I went for a bike ride early this morning, at some ungodly hour. The idea seemed attractive last night; the reality of the alarm violating my dream state this fine Sunday morning was not so pretty. But, I peeled my eyelids open and persisted - if only for the knowledge of that universal law that states "thou shall not return to slumber, once you have risen from thy bed". The ride gave me time to think; away from the walls that hold me in this world, where I am a miserable and lonely daughter.
The air was clean, filled with the scents and sounds of weekend chores and a sleeping town. I started to think about the realities of my 'ride' - my actual and my metaphorical. I rode to uncertain places, not knowing what might await me on the track; the incline tested the strength of my muscles and will; and then the realisation, that after pain comes pleasure.
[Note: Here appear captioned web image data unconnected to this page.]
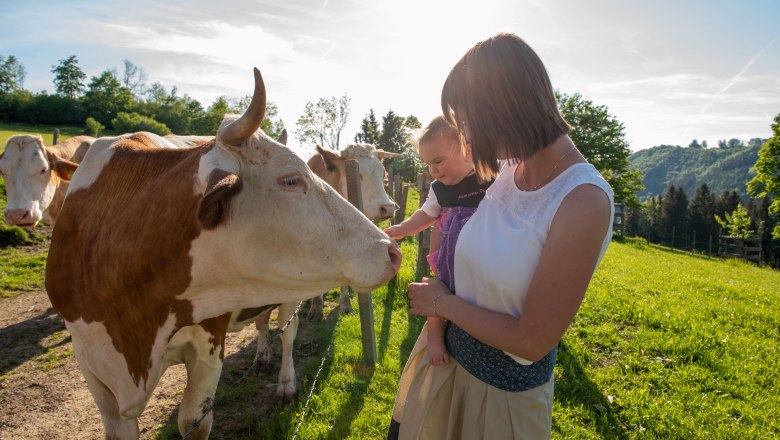 Cow, © Höbarten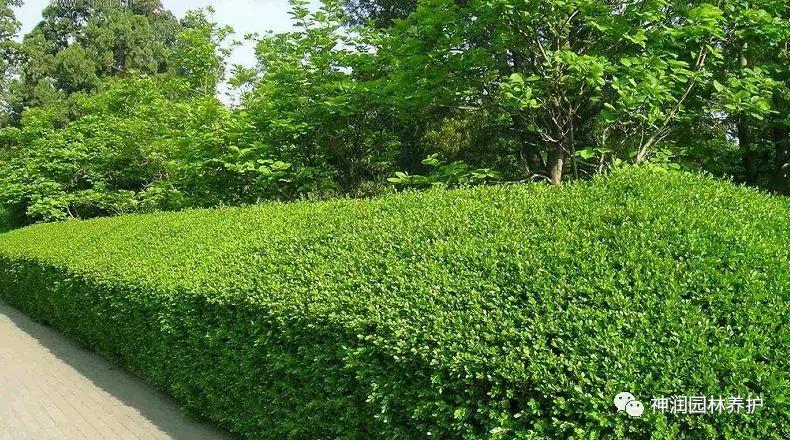 园林病害预警5月黄杨枯萎病来袭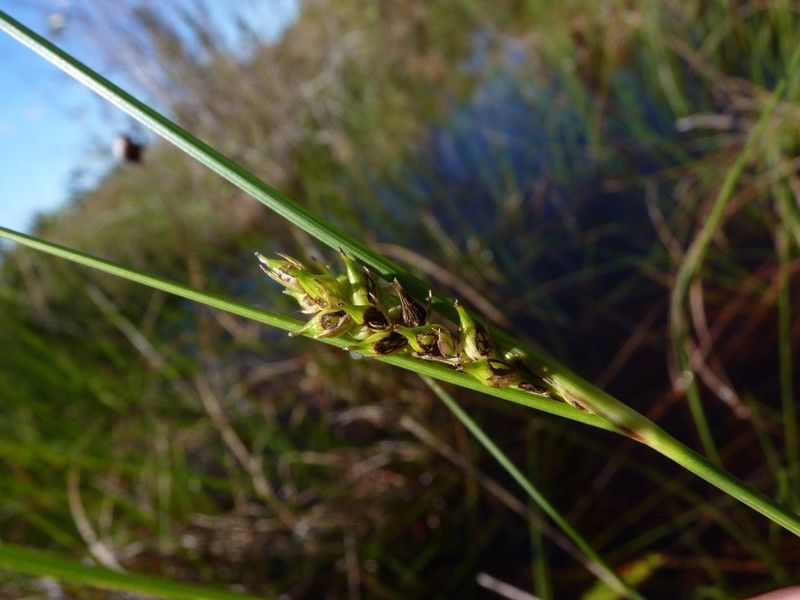 Walter's Sedge photo 6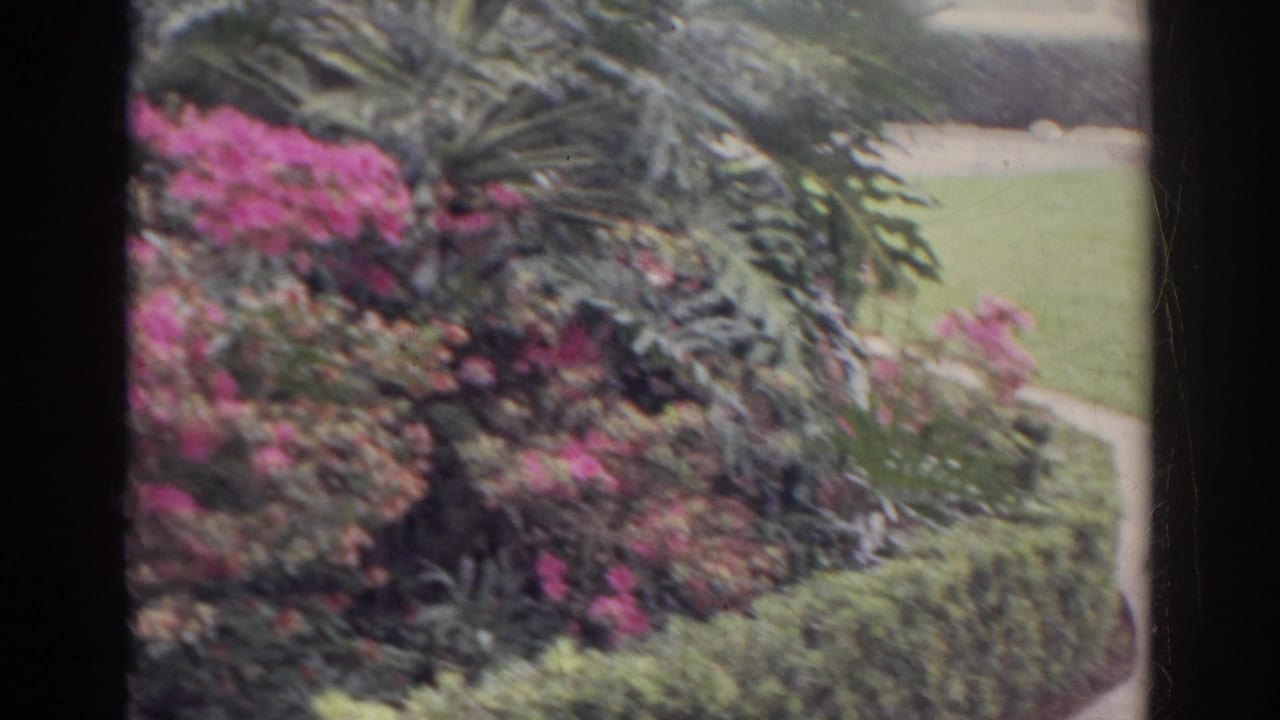Garden bed with pink flowers, hedges, lawn, and concrete path.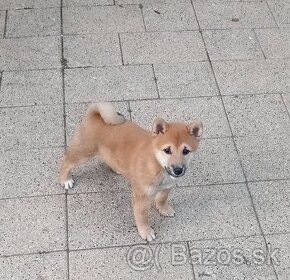 Shiba inu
The glorious feeling as I descended the decline of my perseverance - never is a feeling quite so sweet as the one you get when coming down from the high you fought to reach. It was then that I realised, I don't have a hill in my sights. I feel like I'm always on this bumpy, forgotten road going nowhere. What's my summit and what would it look like if I ever got there? I don't want to be the passenger locked in some basket harness, being led by the power of someone elses drive. What do I want, and why don't I know it?
Today I realised that life is kind of like that push up a hill, uncertain and full of hardships that test the strength of your character and heart - making it to the top is the ultimate prize and getting to fly down that same hill at great speed is the icing on life's cake.
I gotta get me a hill worth climbing.